The Cost of Misinformation
The failure of IP geo-targeting is having multi-billion dollar implications, and yet no one seems to have noticed.
With leading brands worldwide relying on inaccurate information to guide their marketing strategies, many have winded up chasing phantom audiences, investing heavily in the wrong markets. One reputable UK publisher, for example, decided to set up a New York office and allocate a large portion of its budget to marketing in the U.S. based on inaccurate insights.
This represents tens of millions of sunken cost, signed off on an incorrect analytics report. Similarly, the majority of online advertising is geo-targeted which means many messages are failing to reach their target audiences.
There is also a more profound impact – the digital revolution is not being shared equally among the world’s internet users. Today the vast majority of internet users reside outside mature markets of the U.S.A and Western Europe, yet the majority of ad spend, Venture Capital investment and the creation of content and services still happen there.
The US today makes up less than 8% of the global internet population, but still represents 38% of digital ad spend. The internet users of fast growth markets like Brazil, Indonesia and India are losing out, and primarily due to the face that IP geo-targeting makes them invisible.
The Future of Web Analytics
Fixing this problem is at the core of what we do at GlobalWebIndex, and we’re doing this by combining active data with passively derived analytics.

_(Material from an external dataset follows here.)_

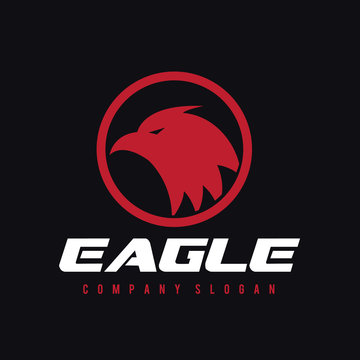 Eagle Logo,Bird Logo,Animal logo,Vector Logo Template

We maintain deterministic IDs on all of our panelists; 18 million real internet users who are geographically located with multiple opt-ins and language choices. This way, we can be 99.9% confident that their location is accurate.
This kind of detail is unprecedented and already bringing major gains to clients that have integrated it, both by enabling the monetization of the global audience, but also by being able to link any audience to actual web visits.
Our aim is to enable every company in the world to measure their analytics through this kind of data, so we are now scaling this panel using pioneering research techniques, incentives and survey distribution. We forecast that we will grow our panel to 20 million people by the end of 2017 with a target to reach 50 million people and beyond.
The future of analytics is real people. So to those in the industry who claim to have over 500 million cookies under management in the U.S., or that 60% of their audience is located in the US, perhaps it’s time to ask: How many of those come from a remote farm in Kansas?